Syria returned to the Internet on Sunday after a two-day blackout thought to be the work of the al-Assad government.
Reuters reported early Sunday AEDT that Internet service had returned to the capital, Damascus, and also to the central city of Homs as well most provinces.
Networking monitoring service Renesys noted that service started to be restored in a similar timeframe (about 1.30am Sunday AEDT), with routes coming through via Telecom Italia, Tata, Turktel and PCCW.
The Syrian Ministry of Communications and Technology apologised for the 52-hour long Internet outage for the country, saying it was caused by one of the main fibre optic rings linking southern Damascus with the rest of the nation.

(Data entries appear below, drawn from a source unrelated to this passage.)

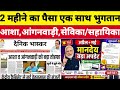 🔴आशा आंगनवाड़ी अप्रैल+मई मानदेय के लिए ICDS का पत्र जारी | Anganwadi ICDS Payment Update Letter#Asha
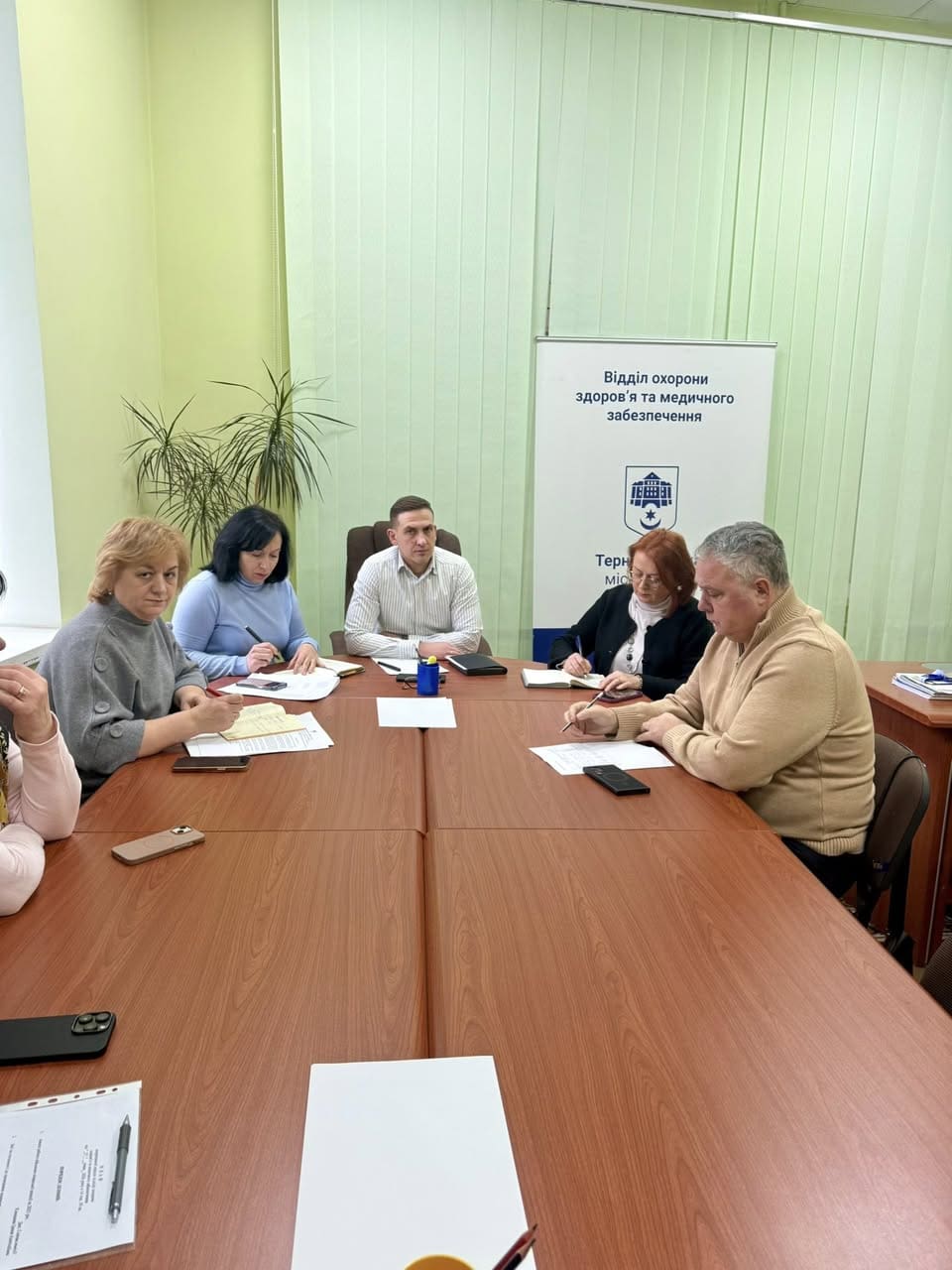 Відділ охорони здоров'я Тернопільської міської ради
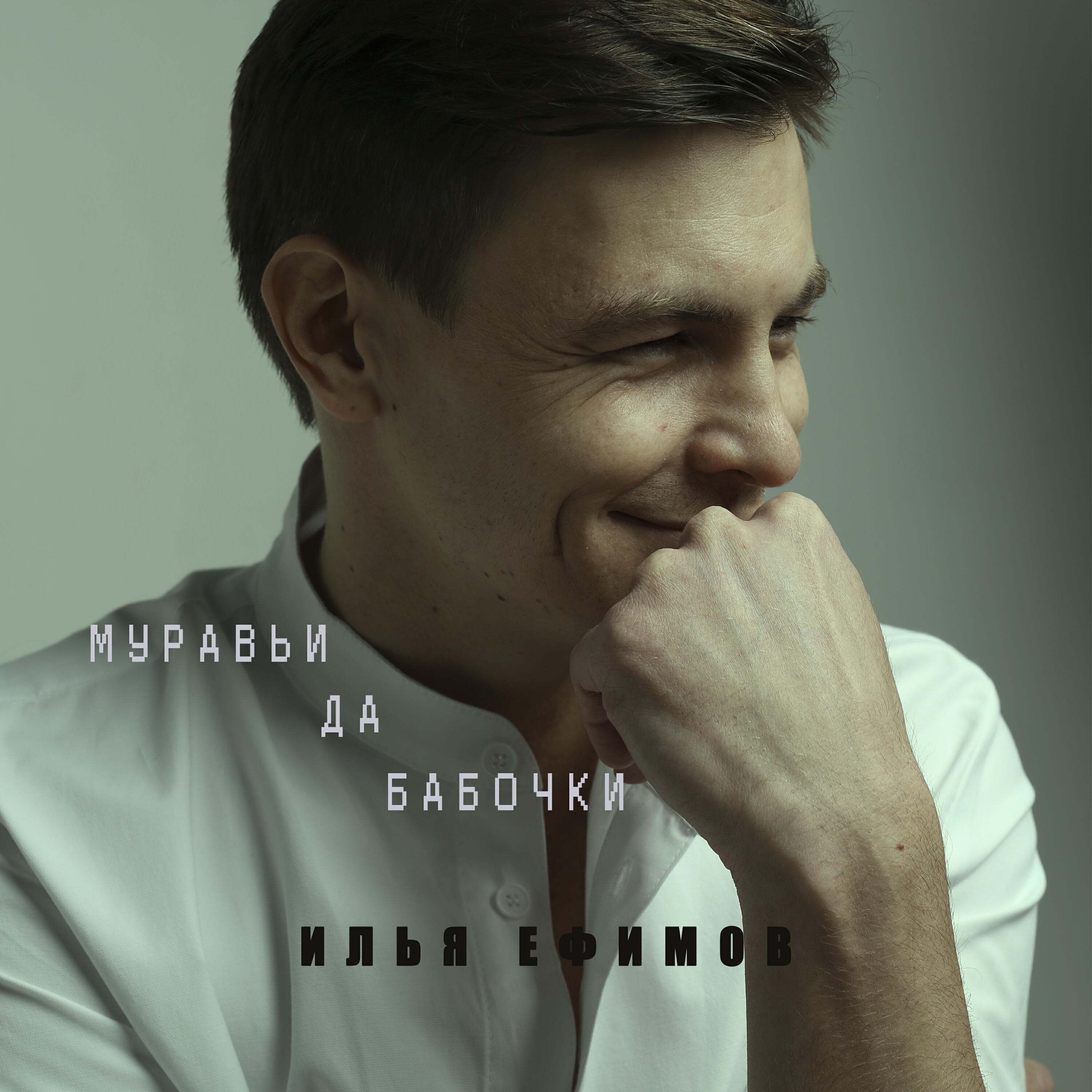 Релиз Муравьи да Бабочки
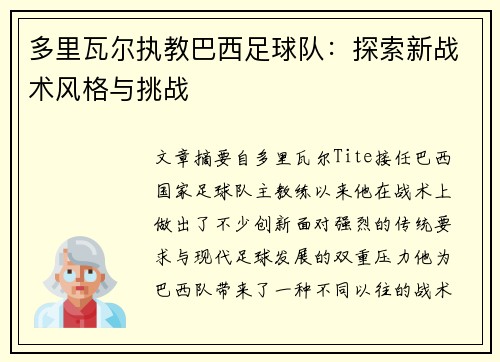 /news/714.html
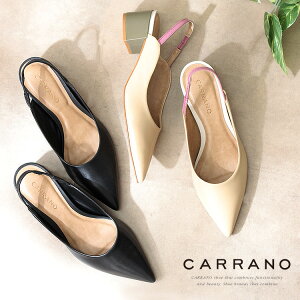 パンプス CARRANO ローヒール バックストラップ パンプス ポインテッドトゥ チャンキーヒール レディース パンプス ベージュ ブラック 611330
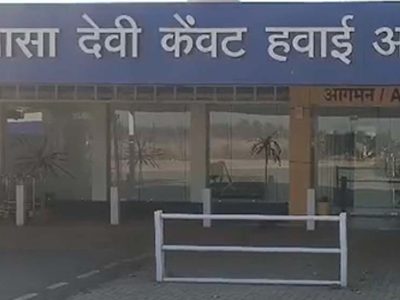 बिलासपुर एयरपोर्ट से 28 मार्च से उड़ानें हो सकती हैं बंद, 5 दिन बाद विंटर शेड्यूल खत्म, समर शेड्यूल अब तक जारी नहीं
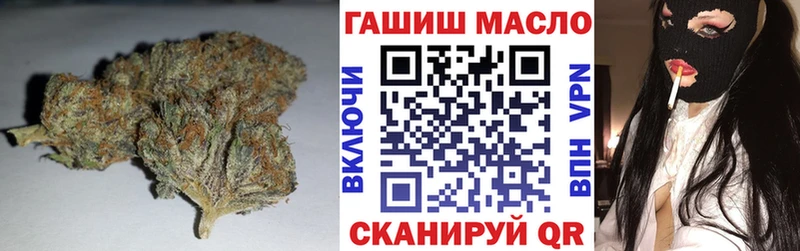 это какой сайт Иннополис Дистиллят ТГК THC oil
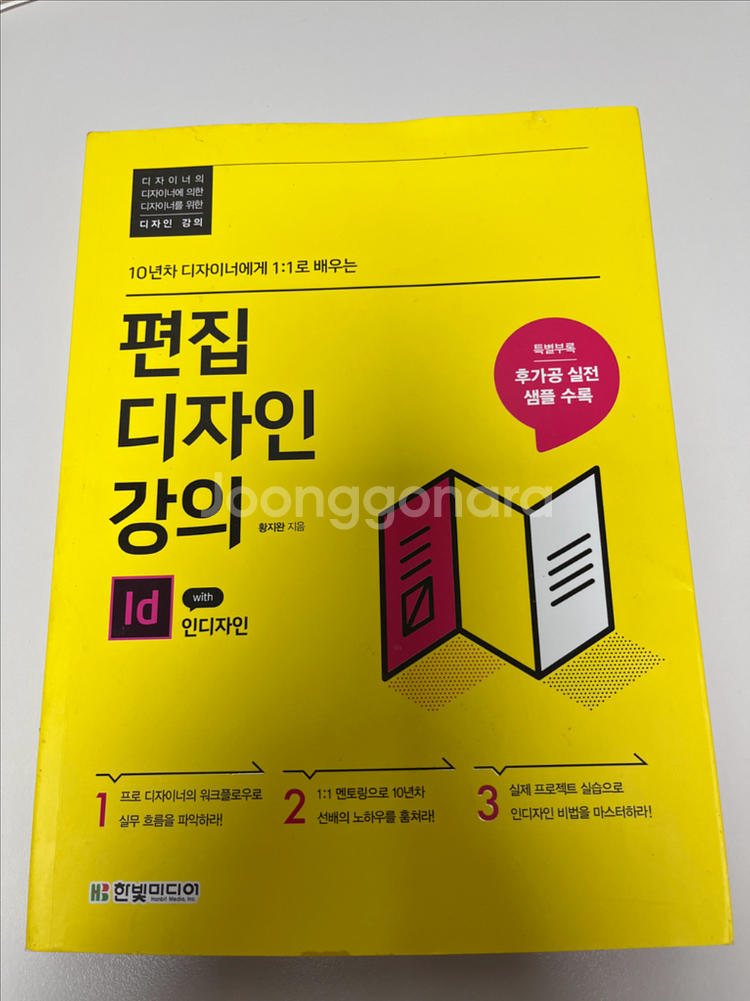 편집디자인 인디자인 교재--0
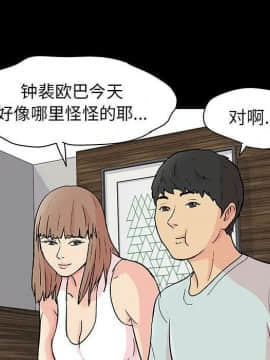 反烏托邦遊戲第二季 71-161話_071-142_5522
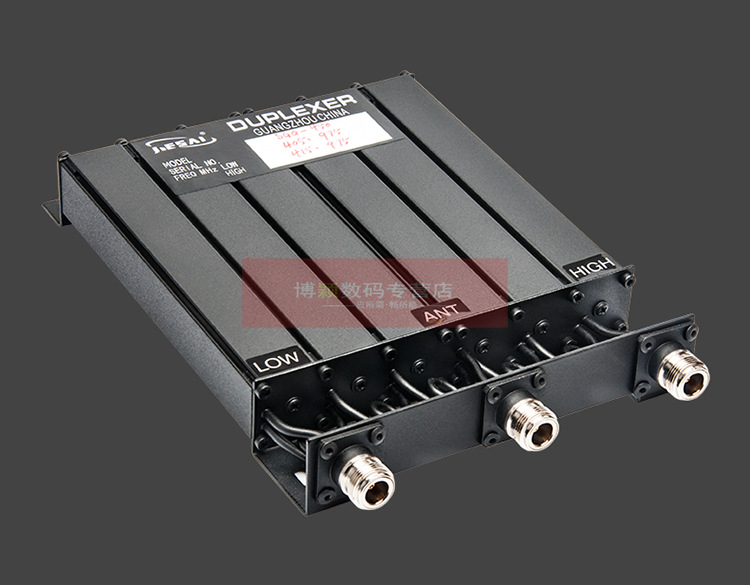 中继台双工器 30w低损耗隔离器 中转台 业余基站小双工器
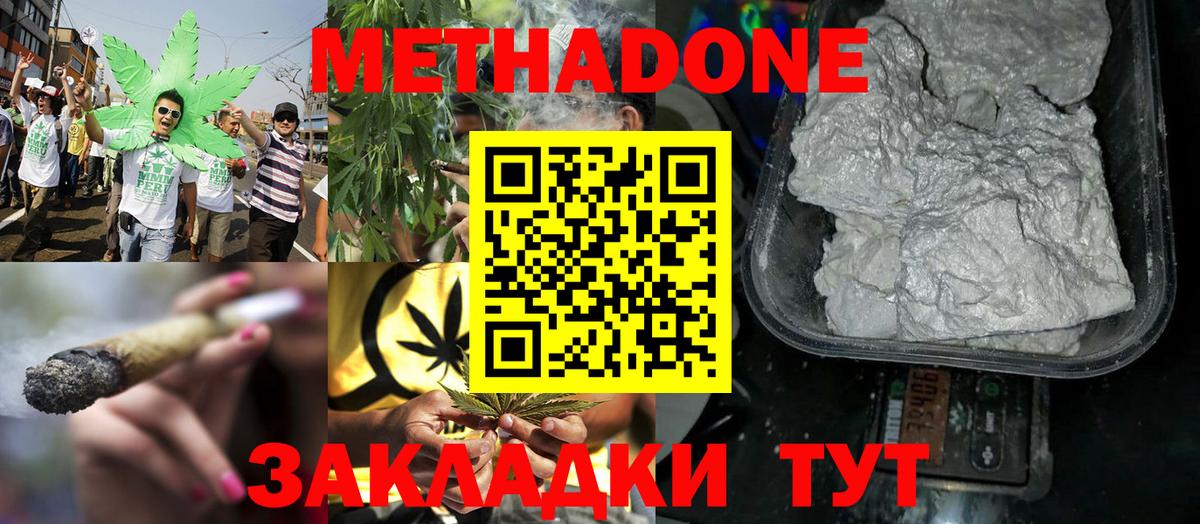 МЕТАДОН кристалл  Вход с VPN  Менделеевск  МЕТАДОН кристалл 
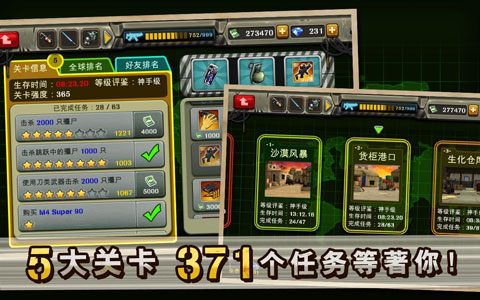 反恐突击队游戏最新版图3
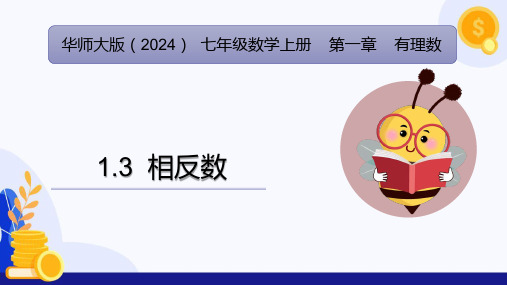 1.3  相反数(课件)七年级数学上册(华东师大版2024)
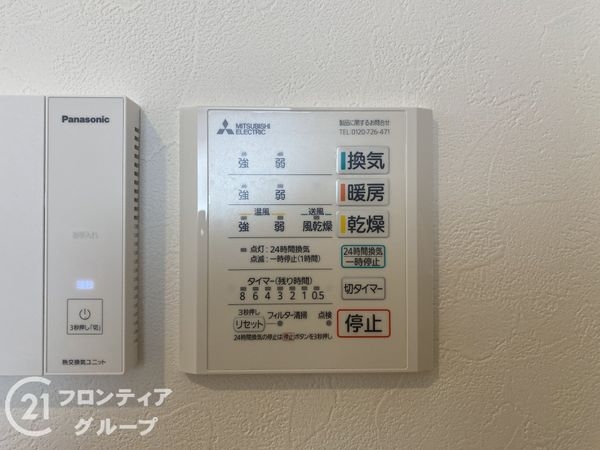 神戸市垂水区小束山２丁目　新築一戸建て　１号棟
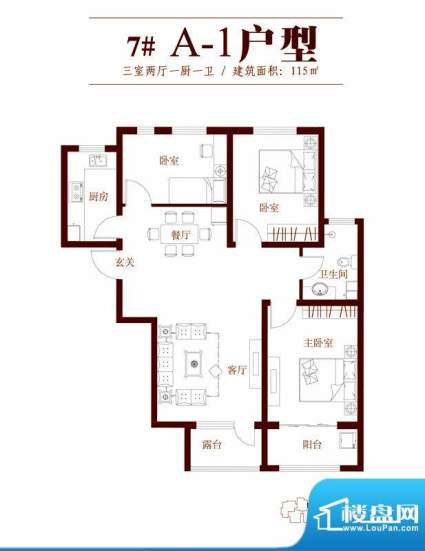 花香漫城户型图7#A-1户型 3室2面积:115.00平米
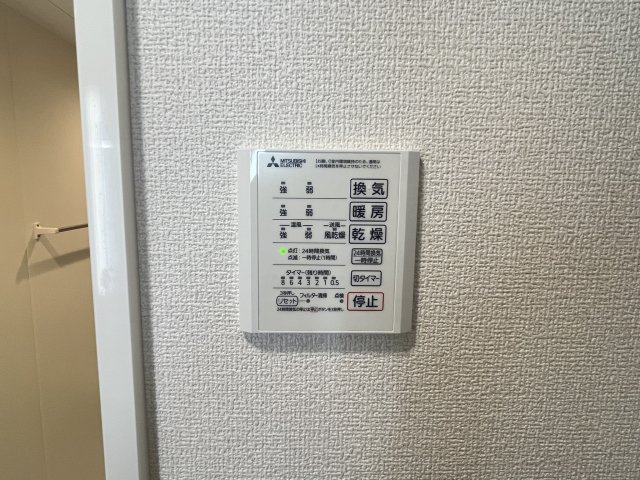 【設備】 | Ｃｏｃｏｏｎｉａ | 浴室乾燥機です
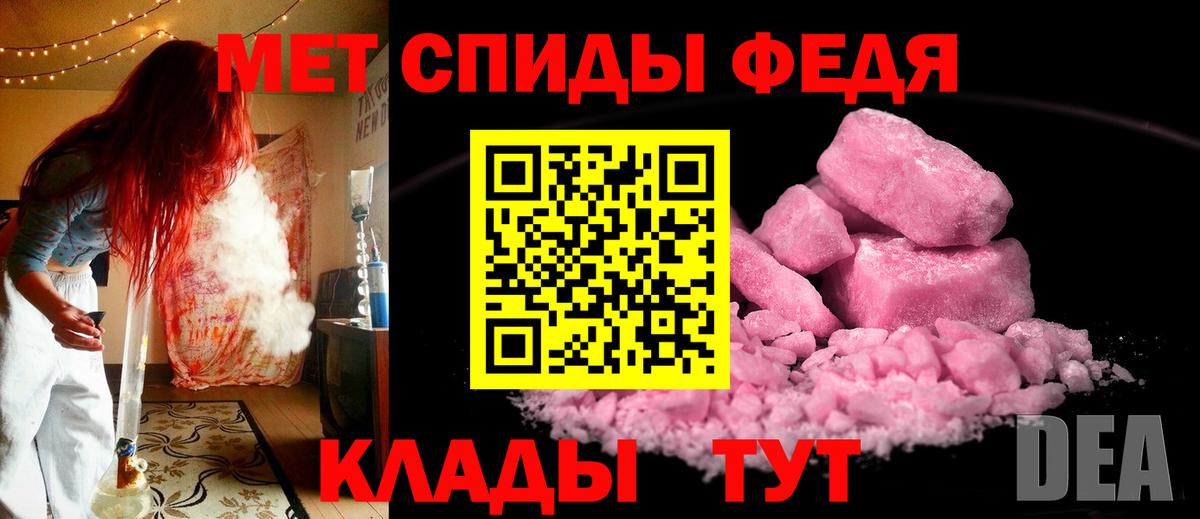 Первитин пудра Коммунар
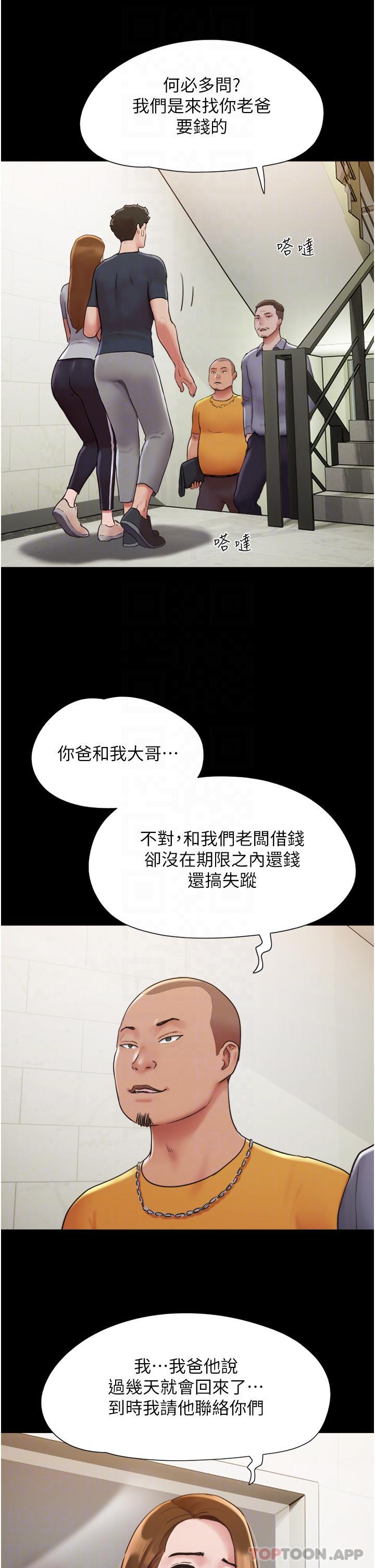 我的兵变女友  第9话-必须爱爱才能保命 漫画图片22.jpg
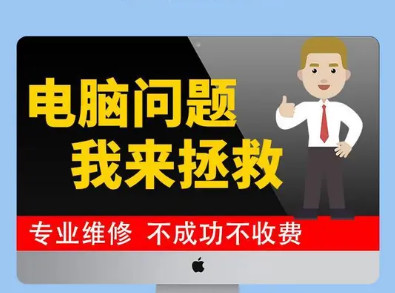 电脑笔记本专业维修 上门维修 重装系统快速上门 电脑笔记本专业维修 上门维修 重装系统快速上门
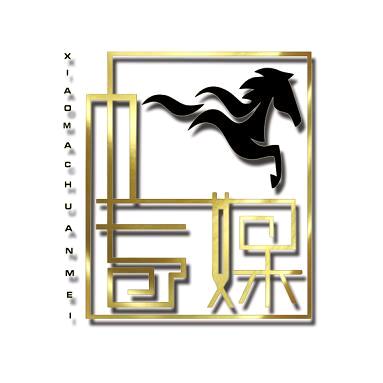 小马文化传媒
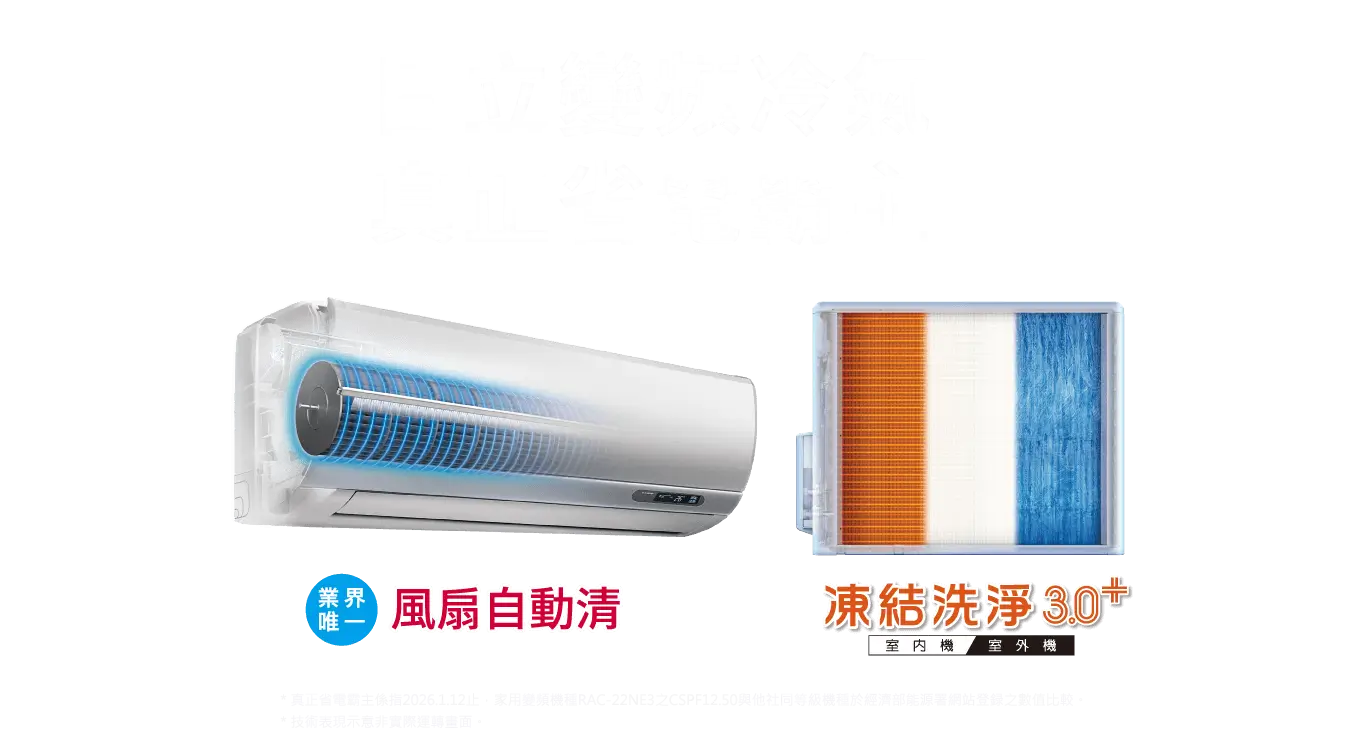 凍結洗淨3.0+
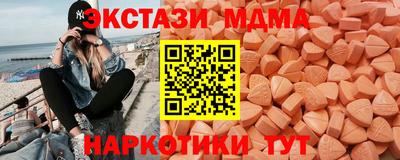 mix Кимры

A statement published by the government controlled Syrian Radio and Television stated that the break happened in the Damascus area, the country's capital and led to the international gateway there losing connectivity with the Internet.
The ministry acknowledged that the interruption caused "major upheaval" for national and international telecommunications as well as mobile service in Damascus and in the provinces.
According to the ministry, engineers worked around the clock under difficult conditions to repair the fault and to restore service.
It is currently looking to implement an unspecified alternative solution that will allow faster restoration in case of future disruptions.
In an analysis, web performance and security firm Cloudflare points out that Syria has four physical cables that connect it to the rest of the world.
Three are undersea, landing in the city of Tartus. A fourth goes overland through Turkey.
In a related development, on Saturday, Anonymous waded in and threatened to attack Syrian government websites in retaliation for the Internet blackout.
The hacker collective said it won't attack sites inside Syria however, but promised to focus on embassy sites outside the country.
Anonymous also clarified via Twitter that it's not going after the Syrian government sites in support of the rebel Free Syrian Army.
No reports have been received of Syrian embassy sites being inaccessible or defaced at the time of publication.